Pour finir ,merci pour cette jouissance incroyable de par sa puissance, son émotion. J’ai adoré sentir ton corps s’enfoncer en moi, tes jambes ne te soutenant plus tant tu prenais du plaisir. J’ai joui de te voir ainsi perdre pied et orgasmer.

Envie de te lire. Merci encore. »

 

On pourra rire de me voir si romantique, lyrique, complètement à côté de la plaque devant ce qui se trame. Dix-huit lignes enflammées (vive l’auteure de textes érotiques lol) contre une : voilà tout ce qui nous sépare.

Douche froide. Colère. Pleurs. Mes sms seront plein de ces sentiments que je déteste et que je ne contrôle pas encore. Il clôturera cet échange par « je coupe ».

Bref. Le désastre.

Il y a une chose qui pour moi est essentielle: à aucun moment je n’ai vu cet homme comme un jouet sexuel. A aucun moment je ne l’ai pris pour assouvir une pulsion. Je distingue l’amour du sexuel et j’adore jouer en club. Mais en club nos corps se partagent avec consentement et je ne cherche pas à connaître l’humain derrière une paire de seins ou un sexe fièrement dressé. Je recherche des bouches, des fluides, des orgasmes. Dans le respect des corps et des êtres. Avec consentement. Je déguste et je m’offre.

Hors de ce cadre j’aime être séduite, partager des instants verticaux avant de passer à l’horizontal si le cœur nous en dit, à mon ami et moi. Je pensais que le connaître depuis trois ans et demi me dispensait du fameux « ne couche surtout pas le premier soir » puisque justement pour moi ce n’était pas notre première soirée!!! Et puis quand tu annonces vouloir une belle histoire tu supposes que l’autre ne pense pas que tu es en mode séductrice d’un soir et après chacun reprend sa vie pépère!! Je ne comprends pas.  A quel moment je n’ai pas été claire sur mon envie de construire une relation longue durée, sympathique et sensuelle?

Comment un homme cultivé, agréable, connu depuis des années, qui sait que je recherche un homme pour une relation sérieuse, peut me « jeter » comme un mouchoir après utilisation! Parce que la société lui a appris qu’une femme libre est une pute. Que cette femme est utilisable encore plus que les autres. Que toute femme qui couche dès le premier soir est à jeter et que c’est mérité.

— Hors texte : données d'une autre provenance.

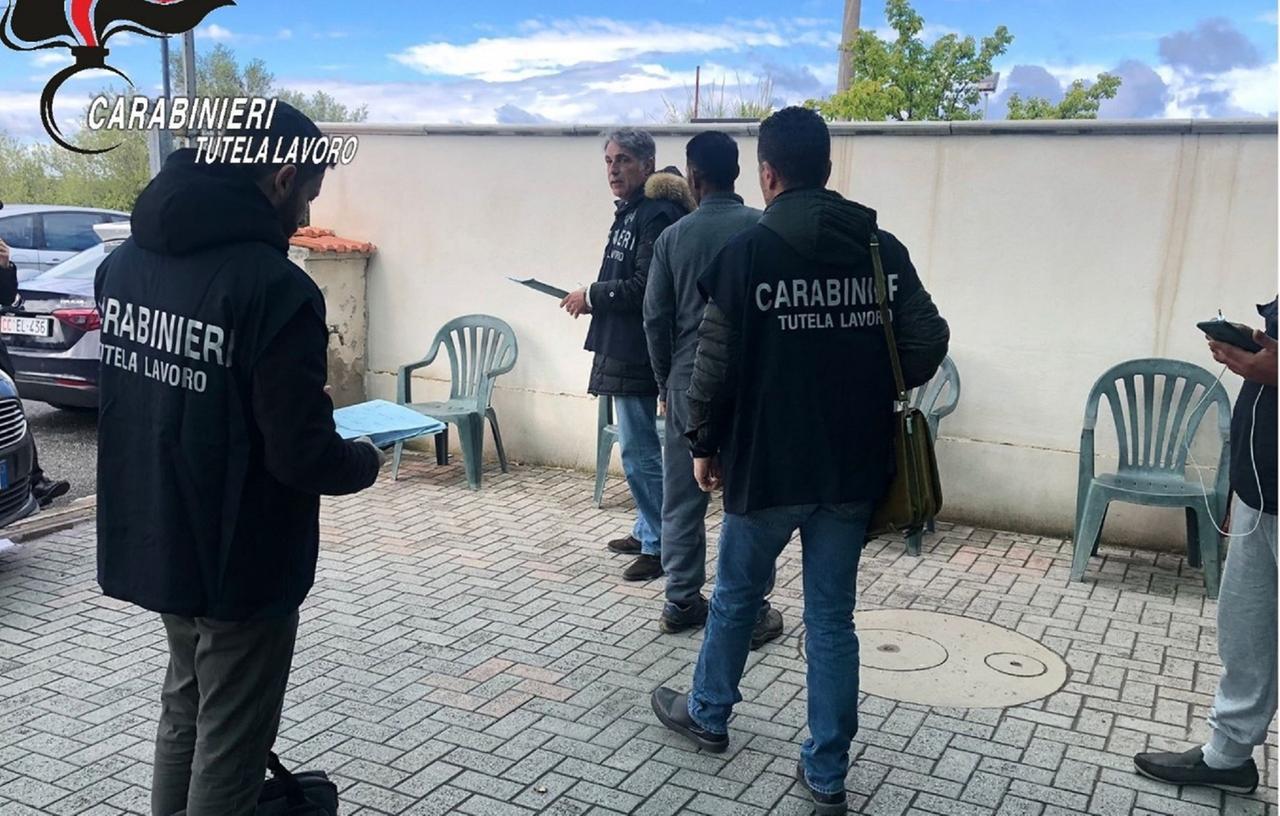 
	Carabinieri del Nil durante i controlli (foto d'archivio)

Parce que les libertins sont finalement bien plus féministes que les gardiens municipaux ou les politiciens. (P.S: selon certains avis masculins: parce que tu es fantastiquement et « animalement » sensuelle. Rires. Oui j’aime le sexe mais je voulais clairement plus quand lui voulait déjà en rester là…).

Les vendeurs de yoghourt nous montrent des pubis pour nous faire acheter leur poison laitier, les commerciaux vendant des voitures nous proposent des pin-up à chaque salon de l’automobile. Des modèles se font harceler, deviennent anorexiques ou cèdent aux avances de leurs patrons « pour réussir ». Mon ami s’est juste servi des codes de nos sociétés pour m’user et me jeter. Je sais que ma colère ne durera pas et que je garderai vite de cette soirée le feu de nos corps et ses bras tendres autour de moi. Je sais aussi que nous reprendrons nos vies là où elles étaient et que nous resterons amis. Je ne sais pas ne pas oublier les mauvais moments. Plus encore, je ne sais pas gâcher une amitié…

Oui mais…

Oui mais aujourd’hui les femmes crient et se battent.  Leurs pères, leurs frères et leurs amants les soutiennent. Elles refusent de se faire tripoter dans le métro, elles refusent de se taire face au harcèlement. La parole se libère. Quand on est riche et belle on est évidemment plus écoutée que lorsque l’on est pauvre et prostituée. Le chemin est long mais il a du sens. Les suffragettes nous ont permis de voter dans nos pays, osons vivre en harmonie avec nos hommes. Merci aux actrices de mobiliser les médias, bravo aux féministes hommes et femmes de défendre une égalité qui n’existe absolument pas…(cf sur arte « les suffragettes, à la conquête des urnes disponible jusqu’au 2 avril).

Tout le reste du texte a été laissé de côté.